Nella classificazione multipla, a differenza della classificazione binaria possono essere identificate più di due categorie. Importante è comprendere l'utulizzo delle activation functions. Per la multiclass possiamo utilizzare la ReLU o la Sigmoid.

Per esempio voglio classificare 4 classi di "blobs" :) lol come nell'immagine sotto riportata, utilizzando il pacchetto sklearn:

from sklearn.datasets import make_blobs

Il modello

costruisco il modello per la gestione della classificazione multipla:

class BlobModel(nn.Module): # la nn.Module è la superclasse da derivare per costruire un modello

# customizzo gli input al costruttore
def __init__(self, input_features, output_features, hidden_units=8):
"""Initializes all required hyperparameters for a multi-class classification model.

Args:
input_features (int): Number of input features to the model.
out_features (int): Number of output features of the model
(how many classes there are).
hidden_units (int): Number of hidden units between layers, default 8.
"""
super().__init__()

# definisco i layers e il numero di neuroni che li compongnono.
# NB: i layer sono lineari e quindi rispondono all'equazione y = xw+b

self.linear_layer_stack = nn.Sequential(
  nn.Linear(in_features=input_features, out_features=hidden_units),
  nn.ReLU(), # <- does our dataset require non-linear layers? (try uncommenting and see if the results change)
  nn.Linear(in_features=hidden_units, out_features=hidden_units),
  nn.ReLU(), # <- does our dataset require non-linear layers? (try uncommenting and see if the results change)
  nn.Linear(in_features=hidden_units, out_features=output_features), # how many classes are there?
)

def forward(self, x):
  return self.linear_layer_stack(x)

Da notare che l'ultimo livello della rete neurale, (l'output level) è composto da tanti neuroni quante sono le classi da classificare. Ciascun neurone di output è associato ad una classe e ne rappresenta la probabilità che l'intput appartenga ad a Niesima classe.

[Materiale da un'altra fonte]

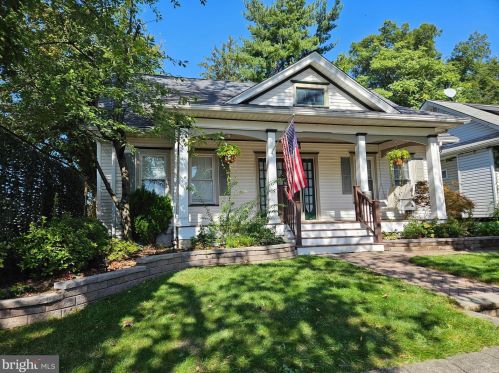 328 Randall Ave, Trenton, NJ 08610-5636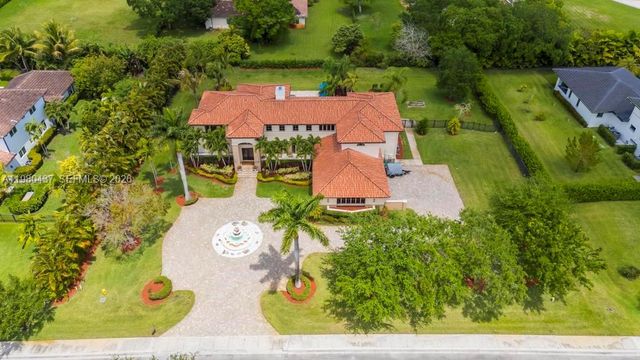 13425 SW 37th Pl, Davie, FL 33330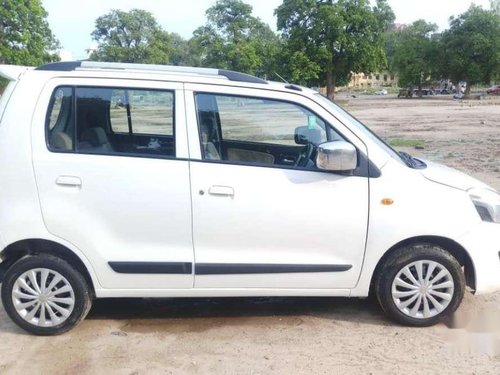 Used 2014 Maruti Suzuki Wagon R VXi MT for sale in Kanpur 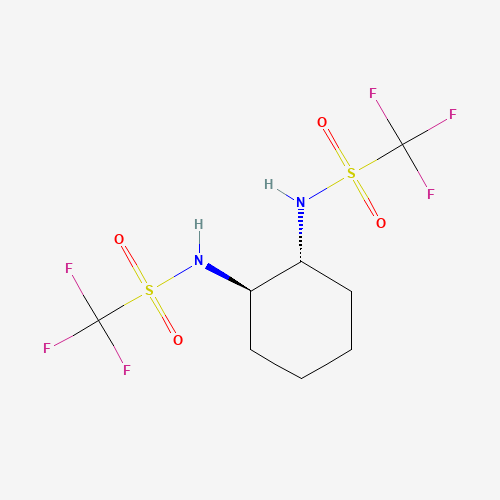 FT-0771262 CAS:122833-60-7 chemical structure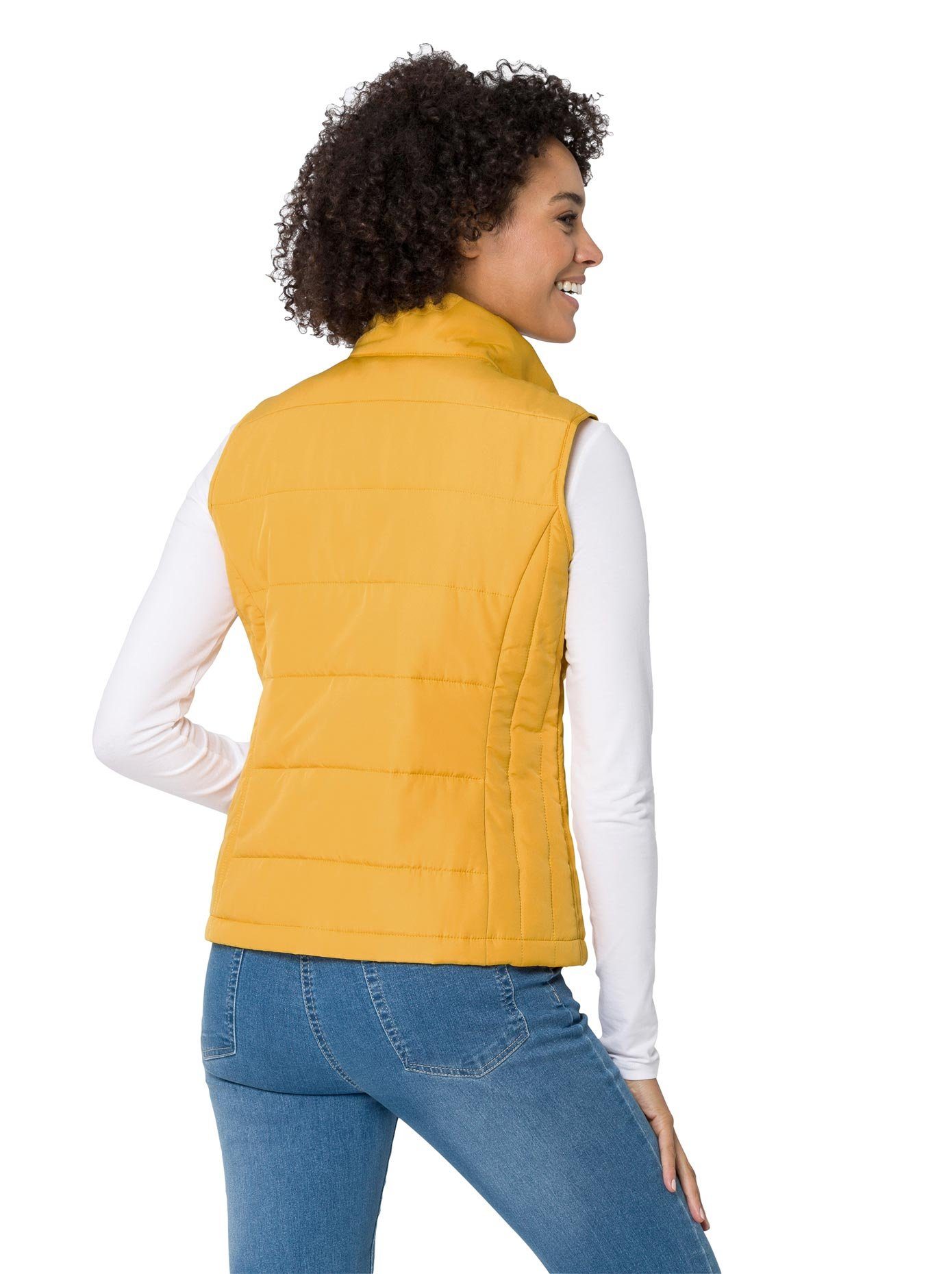 Classic Basics Bodywarmer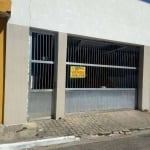 Sobrado à venda, 200 m² por R$ 400.000,00 - Jardim Cinco de Julho - São Paulo/SP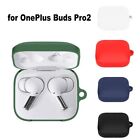 Soft Wireless Earbuds Case Charging Box Cover for OnePlus Buds Pro2 Travel
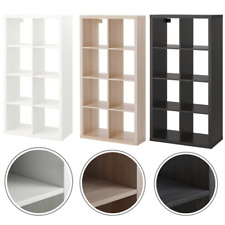 IKEA Kallax Bücherregal Regal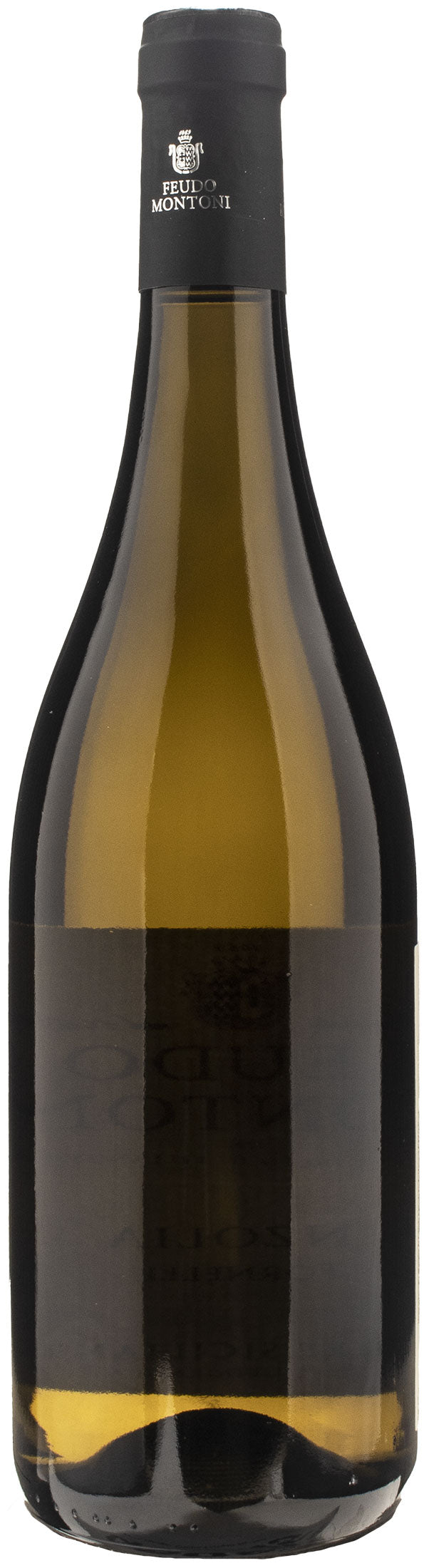 Feudo Montoni Inzolia Fornelli 2022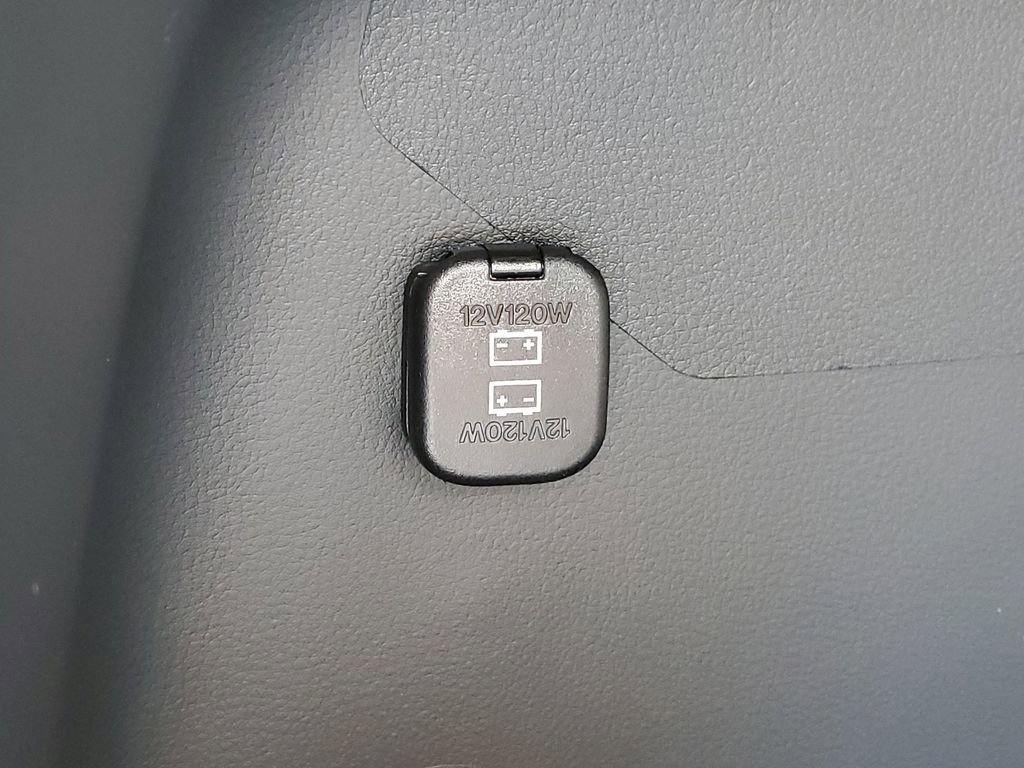 New 2026 MAZDA CX-50 AWD 2.5 S w/ Weather Package image 8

NB: ricordo che i livelli sono "lineari", il che significa che corrispondono all'equazione y=x⋅WeightsT+bias il che significa bisogna aggiungere delle funzioni non lineari in grado di "spezzare" le equazioni lineari. Potremmo inserire, tra un livello lineare e l'altro una funzion non lineare come la ReLU.

Ovvimante se i dati sono nettamente separati e quindi una linea retta li può "dividere" allora potremmo evitare di inserire le funzioni di attivazione non lineare. Nell'esempio sopra visabile i 4 gruppi di "blobs" possono essere appunto separati da linee rette, il modello potrà quindi anche (opzionale) non utilizzare le ReLU non lineari.

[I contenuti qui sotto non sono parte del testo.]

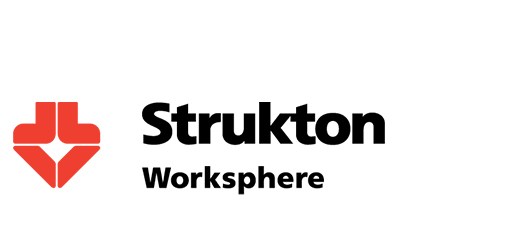 Strukton Worksphere Breda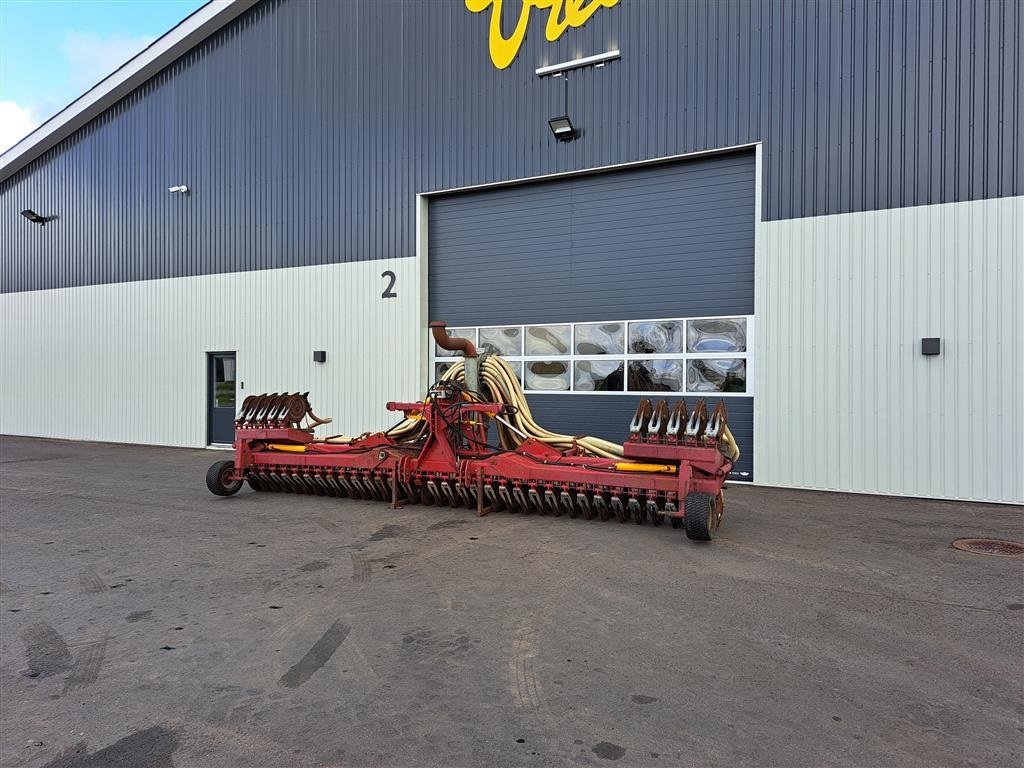 Gülleeinarbeitungstechnik del tipo Vredo ZB9051 2 x 2 støttehjul i front, Gebrauchtmaschine en Ulfborg (Imagen 3)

Per le funzioni di attivazione non lienari vedi:

Activation func

La loss function

Per la classificazione multiclasse andiamo a vedere cosa pytorch offre nella pagina Loss functions

Per la binary classification in genere si usa la nn.BCEWithLogitsLoss mentre per la multiclassification si usa la nn.CrossEntropyLoss

TIP: Per la CrossEntropy fare attenzione al parametro "weight " da valorizzare nel caso i cui il numero di elementi delle classi sono diversi tra di loro, es. i gialli sono 100 metre i versi sono 20...

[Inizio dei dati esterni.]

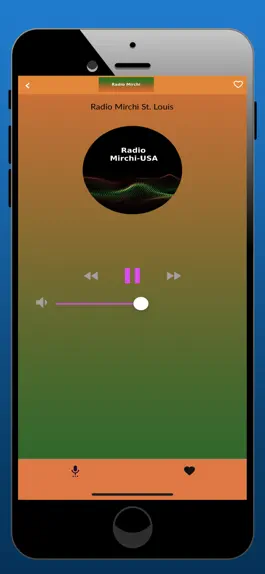 Game screenshot Radio Mirchi FM hack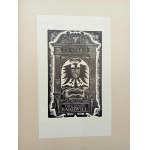 10 ex-librisów Tadeusza Cieślewskiego syna Rok 1948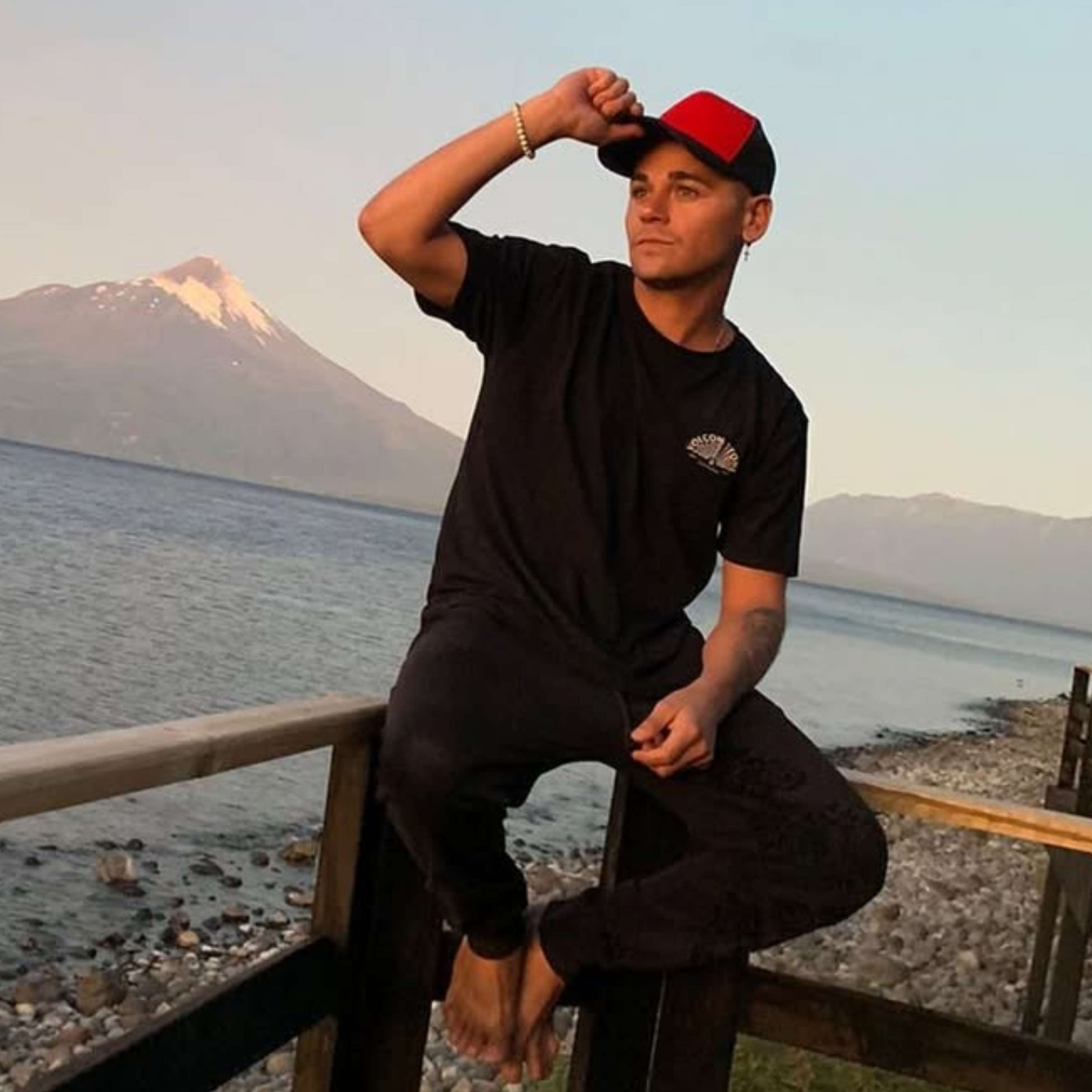 Matías Gil/Instagram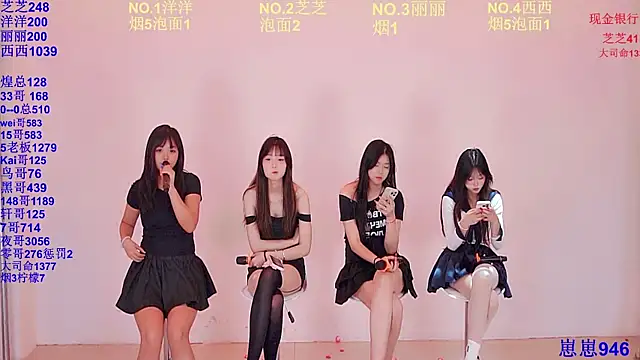 HAPPY-0001 – Live XXX-chat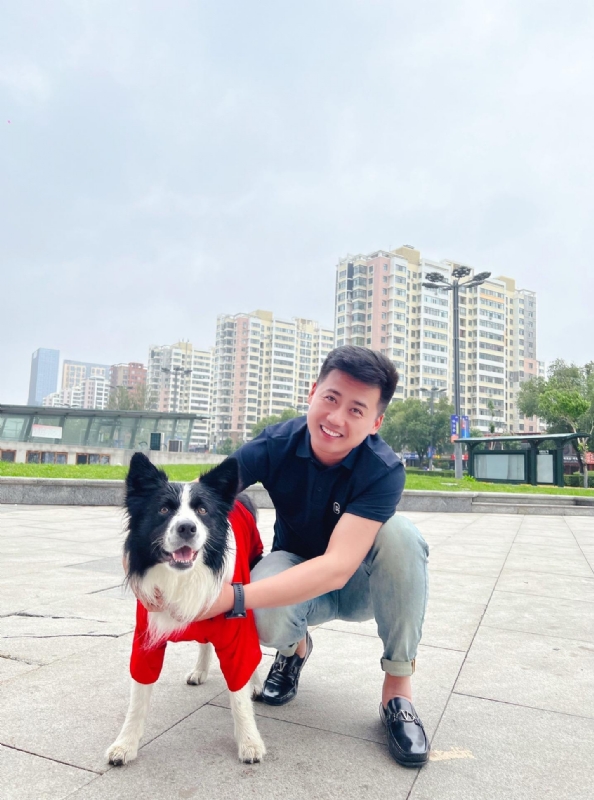 香港交友的第一张照片--南充相亲服务中心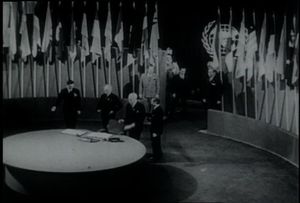 Strategy for Peace 1946-1962 (Part 1 of 2)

loss_fn = nn.CrossEntropyLoss()

L'Optimizer

Come ottimizer possiamo utilizzare quelli generici come l'Adam o il pià classico SGD, vedi pagina optimezers.

optimizer = torch.optim.SGD(model_4.parameters(), lr=0.1)

Il training loop

# Fit the model
torch.manual_seed(42)

# Set number of epochs
epochs = 100

# looppo..
for epoch in range(epochs):
  ### Training
  model_4.train()
  
  # 1. Forward pass
  y_logits = model_4(X_blob_train) # model outputs raw logits
  y_pred = torch.softmax(y_logits, dim=1).argmax(dim=1) # go from logits -> prediction probabilities -> prediction labels
  # print(y_logits)
  
  # 2. Calculate loss and accuracy
  loss = loss_fn(y_logits, y_blob_train)
  acc = accuracy_fn(y_true=y_blob_train,
  y_pred=y_pred)
  
  # 3. Optimizer zero grad
  optimizer.zero_grad()
  
  # 4. Loss backwards
  loss.backward()
  
  # 5. Optimizer step
  optimizer.step()
  
  ### Testing
  model_4.eval()
  with torch.inference_mode():
    # 1. Forward pass
    test_logits = model_4(X_blob_test)

    # NB: i logits vengono passati alla funzione softmax che restituisce la probabilità
    #     che un valore del vettori si verifichi... (un po' forzato ma spero renda l'idea)
    test_pred = torch.softmax(test_logits, dim=1).argmax(dim=1)
    
    # 2. Calculate test loss and accuracy
    test_loss = loss_fn(test_logits, y_blob_test)
    test_acc = accuracy_fn(y_true=y_blob_test,
    y_pred=test_pred)
    
    # Print out what's happening
    if epoch % 10 == 0:
      print(f"Epoch: {epoch} | Loss: {loss:.5f}, Acc: {acc:.2f}% | Test Loss: {test_loss:.5f}, Test Acc: {test_acc:.2f}%")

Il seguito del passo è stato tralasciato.